What version of C# are you using, out of curiousity?  The above was made with 2005.. 

Bill

----------


## MacMagnus

Thanks Bill, 
as You said, clean and simple!

// Magnus;

----------


## tuffc

I just stumble upon this, it is great.
Now when i run it on my local machine it works great, but when I put it on my server i get a Expression cannot be evaluated, please use a valid C# expression" error on any expression. Any idea how to fix that? 

and yes i realize this was posted a year ago

----------


## MacMagnus

probaly access rights...

This settings works for me with default settings on IIS on my server....
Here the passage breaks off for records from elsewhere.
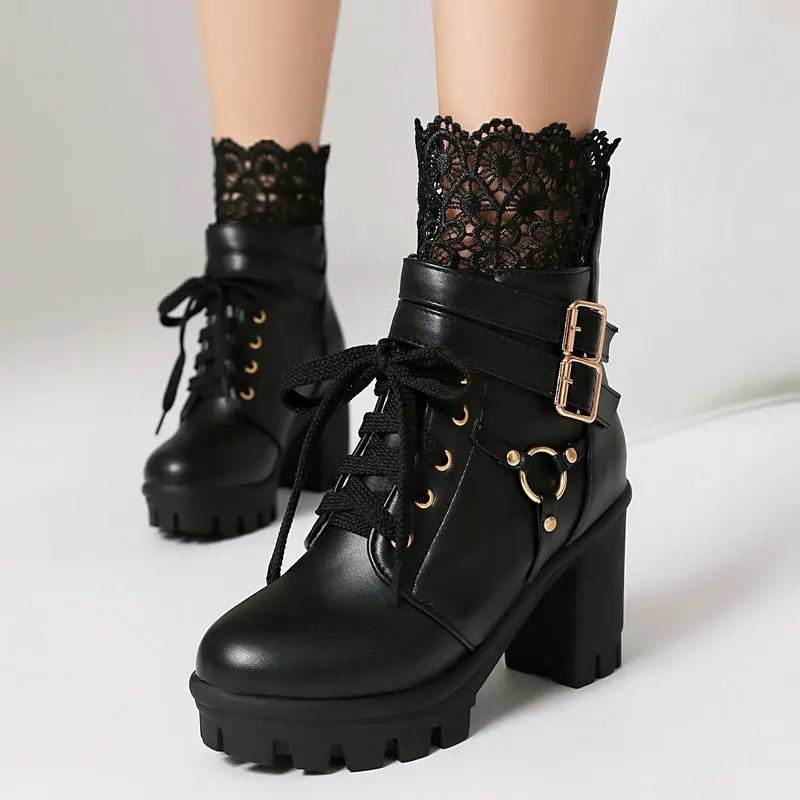 

Women's Lace Trim Chunky Heel Ankle Boots Gothic Lace Up Platform Short Boots with Buckle Fashion Black Motorcycle Boots Ladies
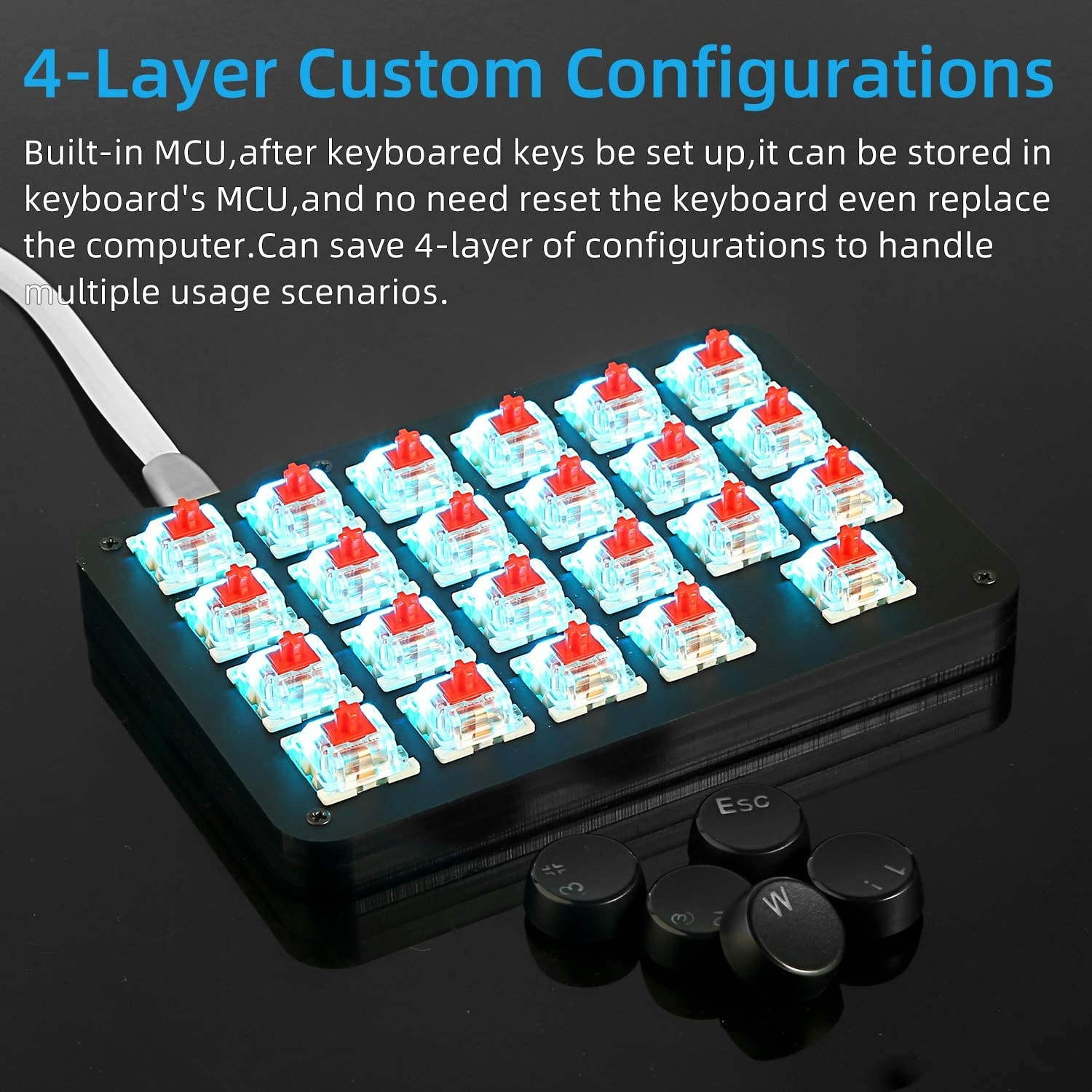 Koolertron One Handed Macro Mechanical Keyboard,Blue LED Backlit Portable Mini One-Handed Mechanical Gaming Keypad 23 Fully Programmable Keys Red Switches with Retro Classic Typewriter Round Keycaps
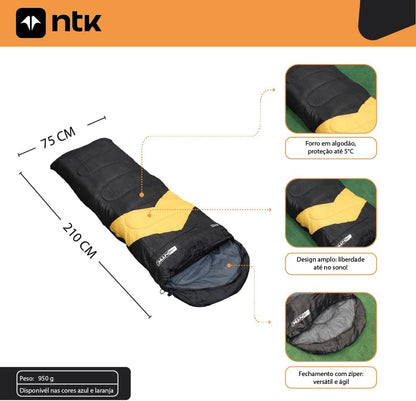 Saco de Dormir Solteiro NTK Viper Preto e Laranja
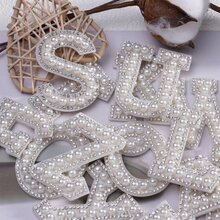 26 Pieces Of A-Z Letters 1 Set Of 3D Pearl Letter Patch English Letters Rhinestone Applique Clothes Iron Stripe Badge DIY Name, Ideal For Gifts. - White - View 3
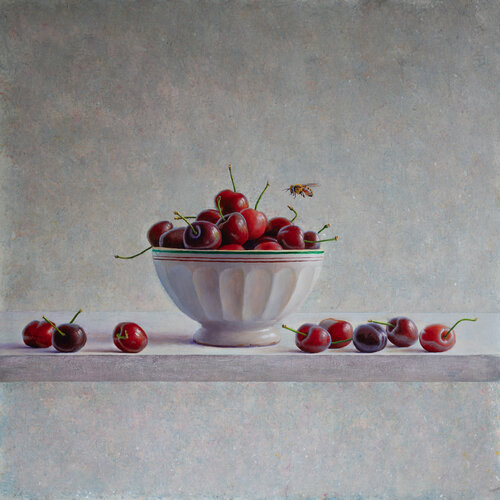 cherries and bee van Julien Landa, Schilderij te koop op Singulart
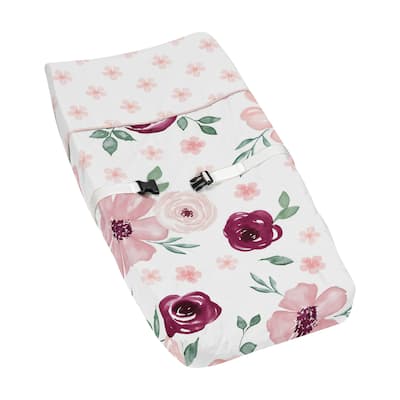 Burgundy and Pink Watercolor Floral Girl Changing Pad Cover - Blush Maroon Wine Rose Green White Shabby Chic Flower Farmhouse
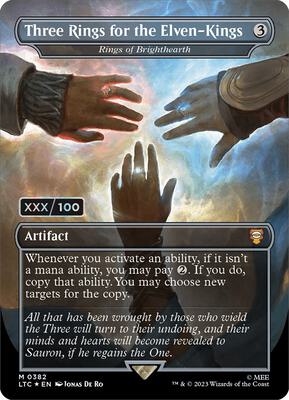 Three Rings for the Elven-Kings - Rings of Brighthearth (Serial Numbered) card from Commander: The Lord of the Rings: Tales of Middle-earth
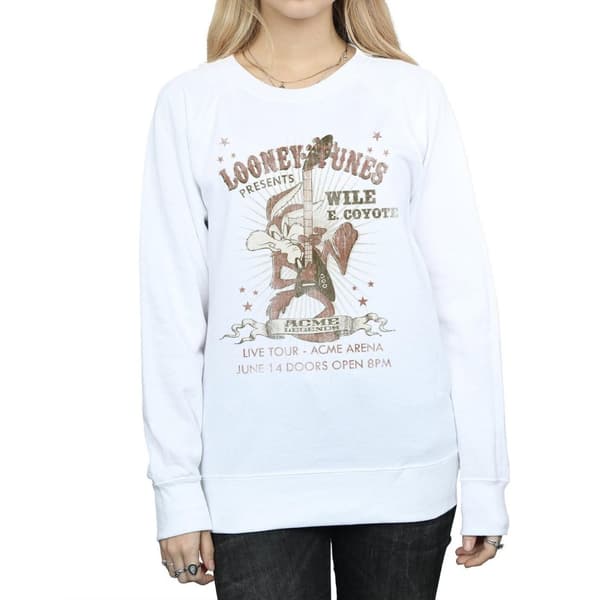 Looney Tunes Womens/Ladies Wile E Coyote Guitar Sweatshirt
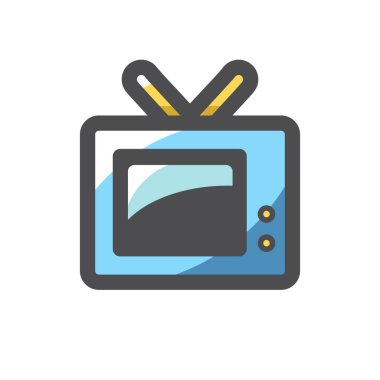 Eski TV Vektör Simgesi Çizgi Filmi illüstrasyonu.
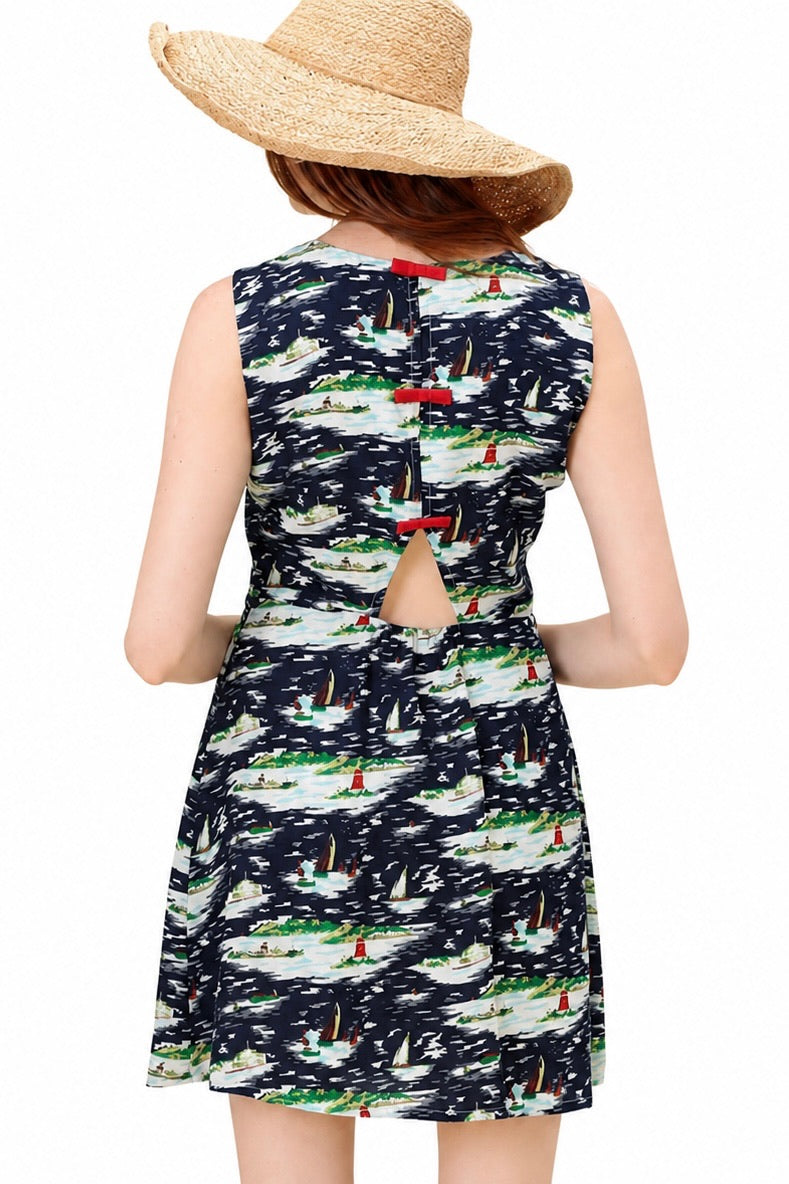 Hawaiian Vintage Print Open Back Mini Dress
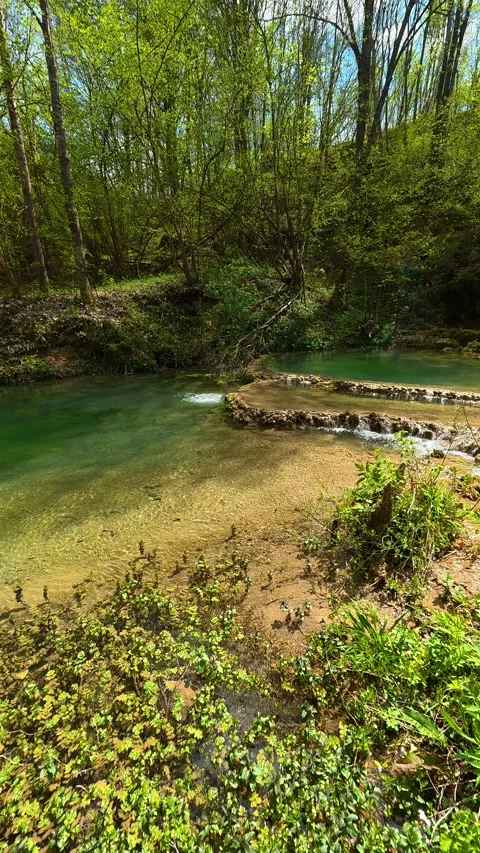 Rocks and moss line the shallow. Vertical POV, Balkan, Eastern Europe Видео 333700403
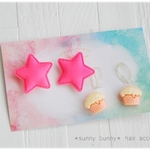 限定１＊50%OFFSUMMERSALE!!♪夏の絡まないヘアゴム（星とカップケーキ②）4本セット
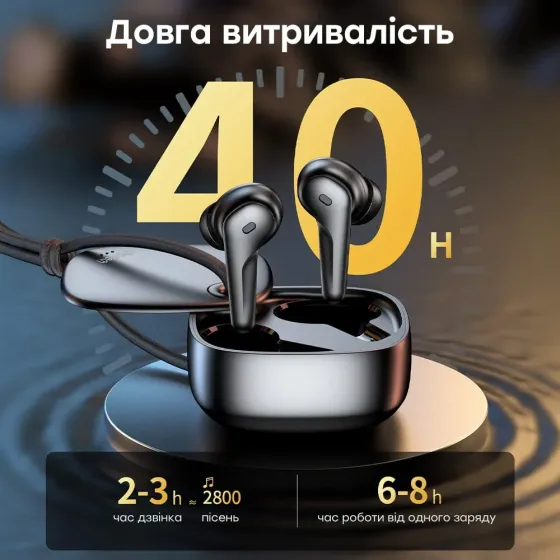 Бездротові навушники Choetech BH-T17 Black TWS, Bluetooth 5.4, ANC+ENC (43-00136) Київ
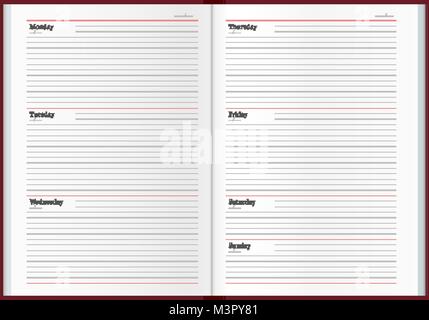 Striping planner settimanale modello. Notebook aziendali illustrazione Illustrazione Vettoriale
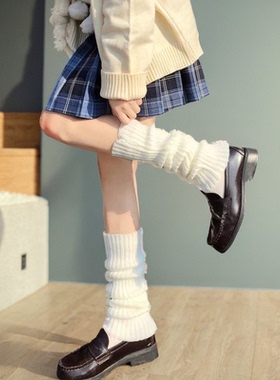 原宿风日系袜套白色学院风堆堆袜子lolita小腿袜jk针织女中筒袜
CSharpCodeProvider codeProvider = new CSharpCodeProvider();
CompilerParameters compilerParameters = new CompilerParameters();
compilerParameters.GenerateExecutable = false;
compilerParameters.GenerateInMemory = false;

string tmpModuleSource = "namespace ns{" + "using System;" + "class class1{" + "public static string Eval(double[] args){return \"Hello World\";}}} ";

CompilerResults compilerResults = codeProvider.CompileAssemblyFromSource(compilerParameters, tmpModuleSource);


// Magnus;

----------


## tuffc

Thanks for the response.

Everything in that code looks about the same except the false on generateinmemory. I tried that and no go, any other suggestions?

----------


## tuffc

I might want to add that I am using this as a web services using vs.net.

----------


## tmiles

I know the original post was submitted years ago, but wondering if there is a VB example at all.  I have tried to convert the code below to VB.NET 2008 but there is clearly something I am doing incorrectly and don't have the skills to fix.
Trevor

----------


## Ant2100

Hey Trevor,

I stumbled across this:
http://www.vbforums.com/showthread.php?t=397265

I think it may be what you need. It works perfectly in VB.NET 2008.

Anthony

----------